Unmet medical needs concerning physician satisfaction with tPA therapy in the United States and Europe. IV, intravenous; tPA, tissue plasminogen activator. The terms in the figure were provided to the physician interviewees without further definitions, and interviewees were asked to rank each term on a 10-point scale. For importance: 0 = unimportant and 10 = essential. For satisfaction: 0 = fully unsatisfactory and 10 = entirely satisfactory. The numbers are mean responses of the 32 interviewees.

The interviews provided insights into physicians' perceptions of the relative importance of several aspects of tPA treatment, compared with their perceived satisfaction with the therapy (Figure 5). The data revealed that physicians perceive the “efficacy” of tPA to be very important (9.4/10) but not fully satisfactory (5.3/10). In contrast, the cost of the treatment was rated less important (4.5/10). Of most relevance to the present discussion, the “safety” of the drug was perceived to be very important, and rated an 8.8/10, but physicians are not satisfied with the current safety profile, giving a rating of 5.7/10. These data suggest that physicians perceive there to be a critical need for improving the safety of tPA for acute ischemic stroke.

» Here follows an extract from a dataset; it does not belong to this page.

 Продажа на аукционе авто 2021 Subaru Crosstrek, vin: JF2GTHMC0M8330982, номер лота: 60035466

Approximately 20% of interviewed physicians' patients eligible for intravenous (IV) tPA were not being prescribed IV tPA (Table 4) because of patient, family, or physician assessment that bleeding risk outweighed benefit (Table 4). However, the percentage of eligible patients not administered tPA was much higher in the emergency room setting (46%) relative to stroke centers (16%) (Table 4).

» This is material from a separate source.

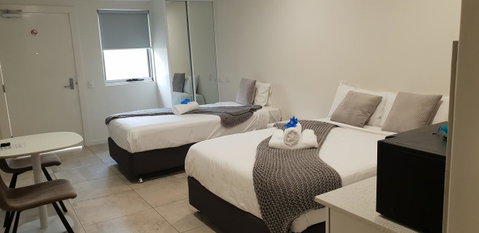 Carlton Suites - Hotel WA 20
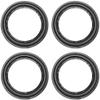 XYWHPGV 5.5 inches 5.5 inch Speaker Foam Edge Surround Ring Replacement Parts for Speaker Repair or DIY 4pcs(82853 4ed6e 28c85 755b4 b9968 b530b view 1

Physician responses suggest ~90% of patients currently being prescribed IV tPA would also be prescribed 3K3A-APC (Table 4); according to the interviewers, many physicians stated it would be a requirement in their opinion to prescribe 3K3A-APC to those patients who received IV tPA.

Conclusion

Hemorrhagic transformation after ischemic stroke—even if labeled “asymptomatic”—may lead to long term disability and cognitive impairment. Fear of hemorrhagic transformation leads some physicians to hesitate to use indicated recanalization therapies. The PAR-1 acting agent, 3K3A-APC, reduces hemorrhagic transformation, and in animal models appears to improve long term outcomes after ischemic stroke. Agents that reduce hemorrhagic transformation may lead to wider acceptance of recanalization therapies and improved long-term outcome for ischemic stroke patients.

Author Contributions

All authors contributed to the creation and revision of the manuscript, as well as read and approved the submitted version.

Conflict of Interest

KP is employed by ZZ Biotech. JG, HL, JM, and BZ are paid consultants to ZZ Biotech. PL has received research funding from NIH to conduct trials of 3K3A-APC; received royalties from sales of the book Thrombolytic Therapy for Acute Ischemic Stroke, 3rd Edition; and received fees for occasional expert witness testimony. The Scripps Research Institute has intellectual property related to the topic of this review.

The remaining author declares that the research was conducted in the absence of any commercial or financial relationships that could be construed as a potential conflict of interest.